(Crawled caption data)
-- -- --

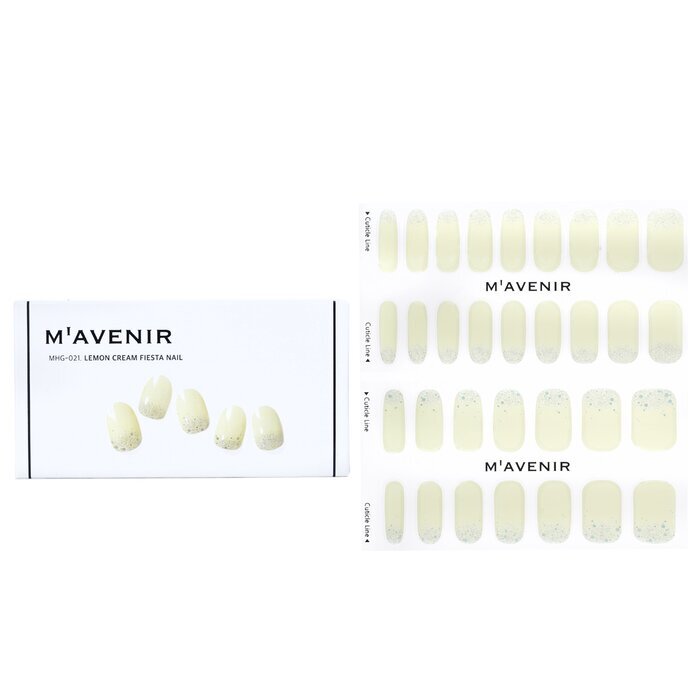 Mavenir Nail Sticker - # Lemon Cream Fiesta Nail 32pcs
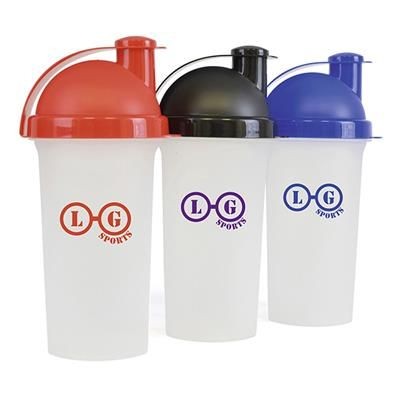Branded Promotional PLASTIC SHAKER Sports Drink Bottle From Concept Incentives.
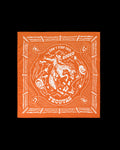 Front view of Gameday Bandana - Burnt Orange on plain background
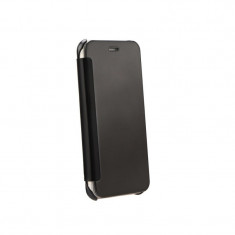 Husa SAMSUNG Galaxy S6 - Flip Wallet Clear (Negru) foto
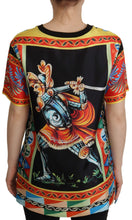 Load image into Gallery viewer, Dolce &amp; Gabbana Glamourous Multicolor Silk Top
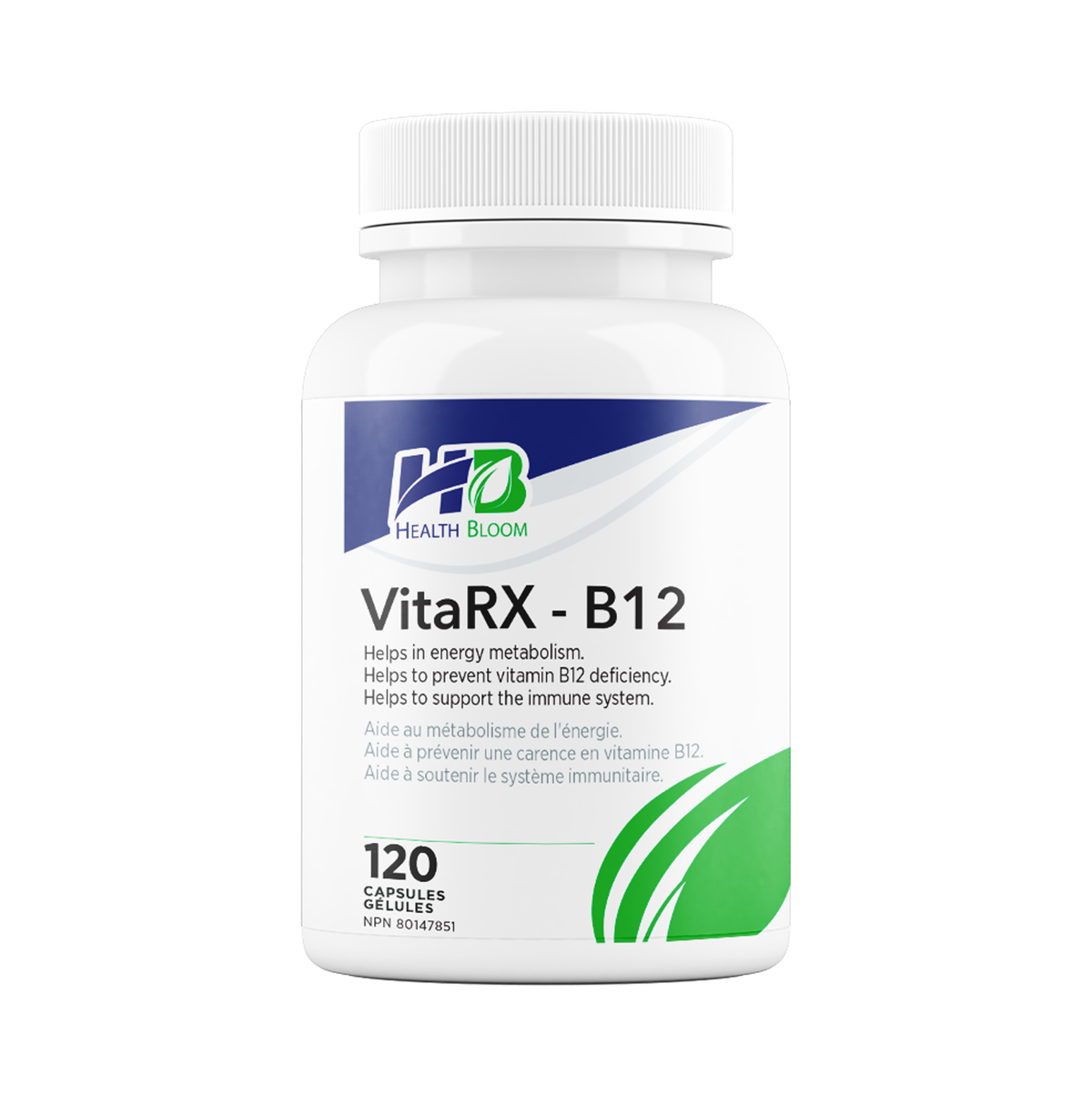 VitaRX-B12 Cyanocobalamin – 120 Capsules
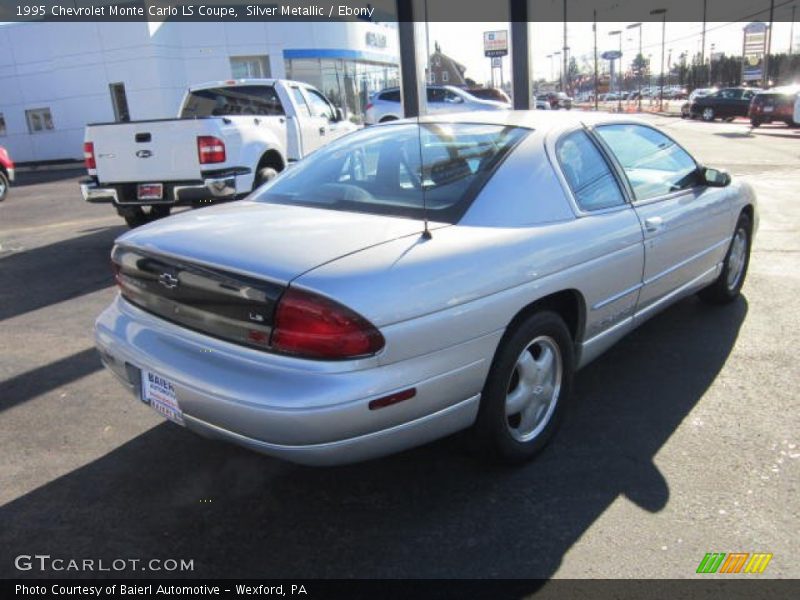 Silver Metallic / Ebony 1995 Chevrolet Monte Carlo LS Coupe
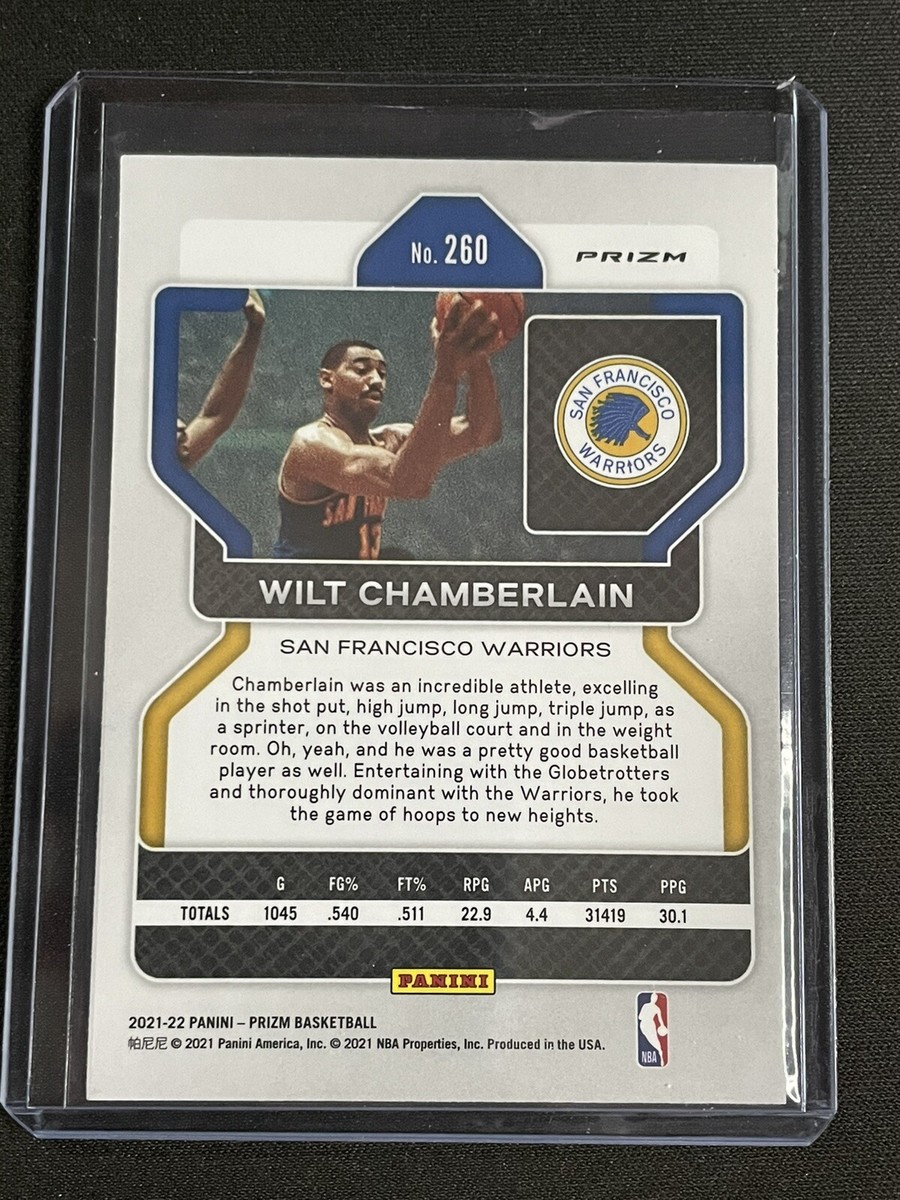 2021-22 Panini Prizm Wilt Chamberlain Ice Parallel Prizm 2021-22 Panini Prizm Wilt Chamberlain Ice Parallel Prizm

-- -- --

The answer must be an exact copy of the lines from the one with "Load image into" through the final line above, both ends included, and nothing else; pictures stay out.

▸ **FINISHED TASK**:
 Load image into Gallery viewer, Dolce &amp; Gabbana Glamourous Multicolor Silk Top
 VitaRX-B12 Cyanocobalamin – 120 Capsules
 Silver Metallic / Ebony 1995 Chevrolet Monte Carlo LS Coupe
 2021-22 Panini Prizm Wilt Chamberlain Ice Parallel Prizm 2021-22 Panini Prizm Wilt Chamberlain Ice Parallel Prizm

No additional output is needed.